A similar rally was held in Khyber Pakhtunkhwa’s Bajaur district the previous day. It was organized by the Bajaur Peace Action Committee, comprising local leaders and workers of political and religious parties, as well as the residents of the area. “We want to tell the US and the state of Pakistan that our people will not allow the imposition of proxy wars on Pashtun lands. We will resist any and all attempts to impose proxy wars on our lands,” said Dawar, chairman of the National Democratic Movement (NDM) at the Bajaur Aman (or peace) March.
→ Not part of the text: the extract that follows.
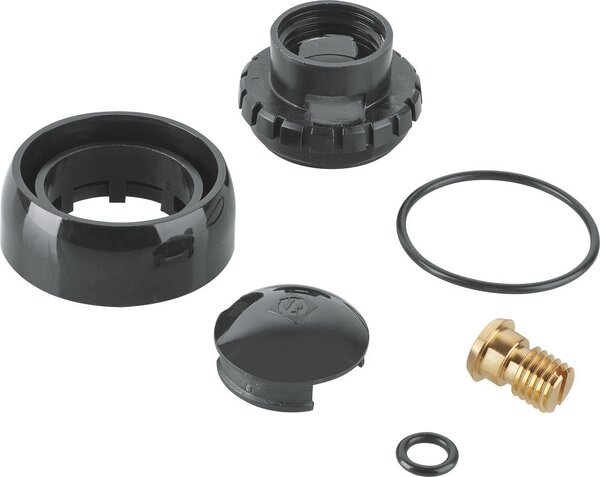 Grohe Relexa base doccia per soffione sportivo cromo - 45130000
On January 5, the military’s media wing reported the killing of 11 militants including a key commander of the banned Tehreek-e-Taliban-e-Pakistan (TTP) outfit in South Waziristan. This development came a day after the Pakistani government announced that it was going to take “pre-emptive measures” alongside a conciliatory approach to eliminate terrorism.

In recent weeks, incidents of violence resulting in deaths of civilians and soldiers have been reported from Balochistan, Islamabad, and several parts of Khyber Pakhtunkhwa. Militant group TTP is widely believed to be directly or indirectly involved in these incidents. The ceasefire between the Pakistani government and the TTP was officially called off by the latter in November last year.

Violence on the rise in Pakistan’s peripheral provinces

Releasing its annual ‘Pakistan Security Report 2022’ on January 7, the Pak Institute for Peace Studies (PIPS) noted that the TTP was one of the major perpetrators of violence in Pakistan in 2022. The think tank highlighted that the total number of terrorist attacks in the country had increased by 27% from 2021. According to its statistics, a total of 262 attacks took place in Pak­istan in 2022—including 14 suicide bombings—which claimed 419 lives and injured another 734 people.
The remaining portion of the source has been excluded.